Short text fragments from websites
Content starts

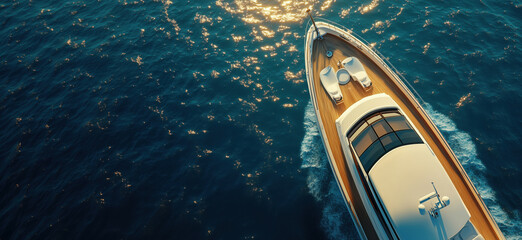 Luxury yacht sailing on tranquil blue waters with sunlit reflections.
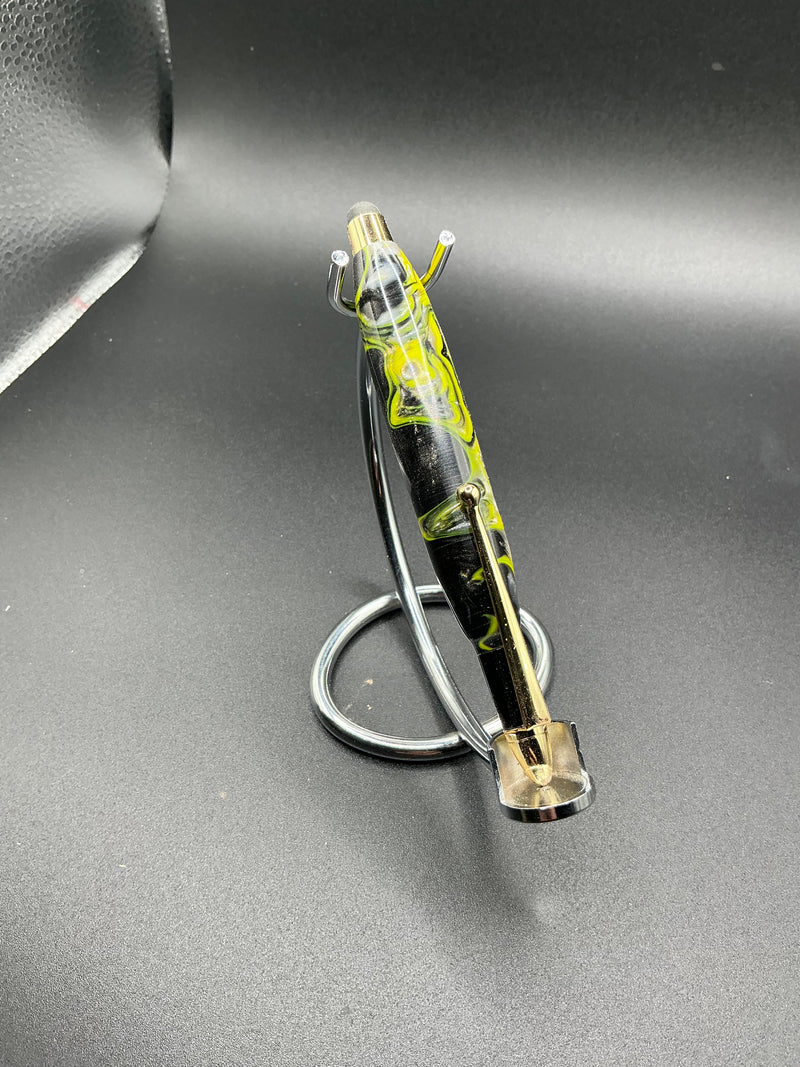 Stylus - Yellow Damascus acrylic - yellow/silver/blk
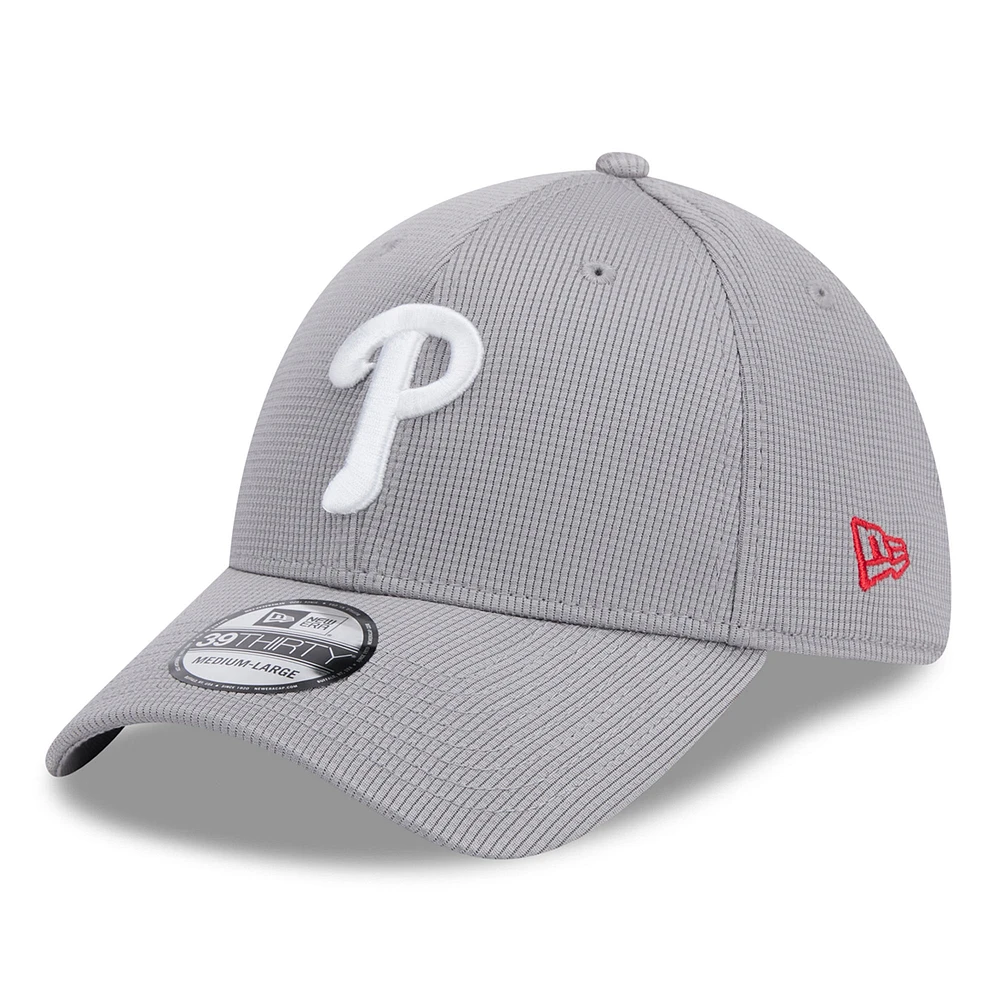Men's New Era Gray Philadelphia Phillies Active Pivot 39THIRTY Flex Hat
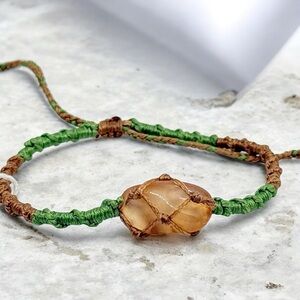 Handcrafted Green and Brown Stone Bracelet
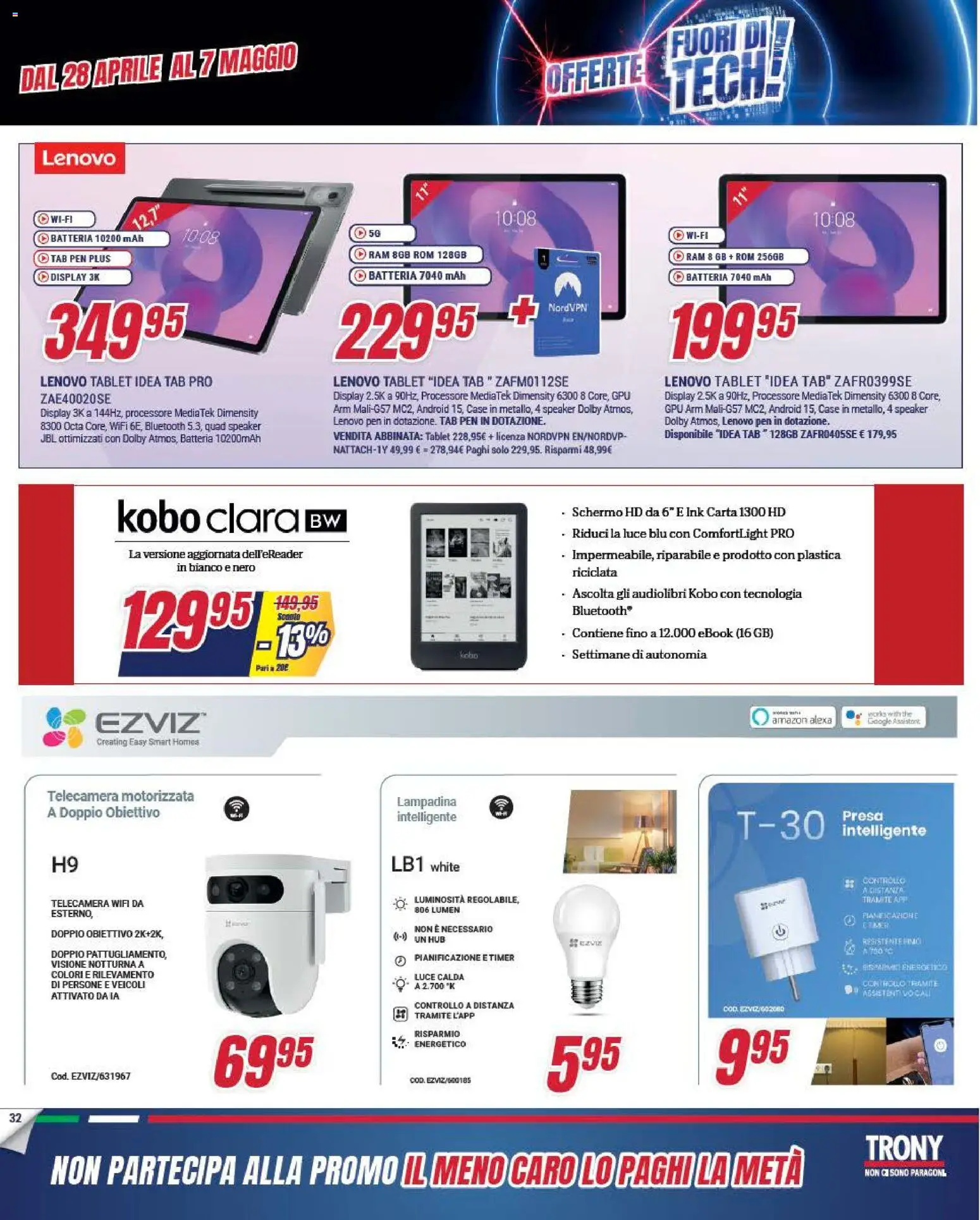 Volantino Trony del 28.04.2026 | Pagina: 32 | Prodotti: Schermo, Tablet, Speaker, Batteria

Content ends

• **Exercise instructions**: Restate, word for word, the entries above, dropping any picture.

• **Final answer**:
 Luxury yacht sailing on tranquil blue waters with sunlit reflections.
 Stylus - Yellow Damascus acrylic - yellow/silver/blk
Men's New Era Gray Philadelphia Phillies Active Pivot 39THIRTY Flex Hat
 Handcrafted Green and Brown Stone Bracelet
 Volantino Trony del 28.04.2026 | Pagina: 32 | Prodotti: Schermo, Tablet, Speaker, Batteria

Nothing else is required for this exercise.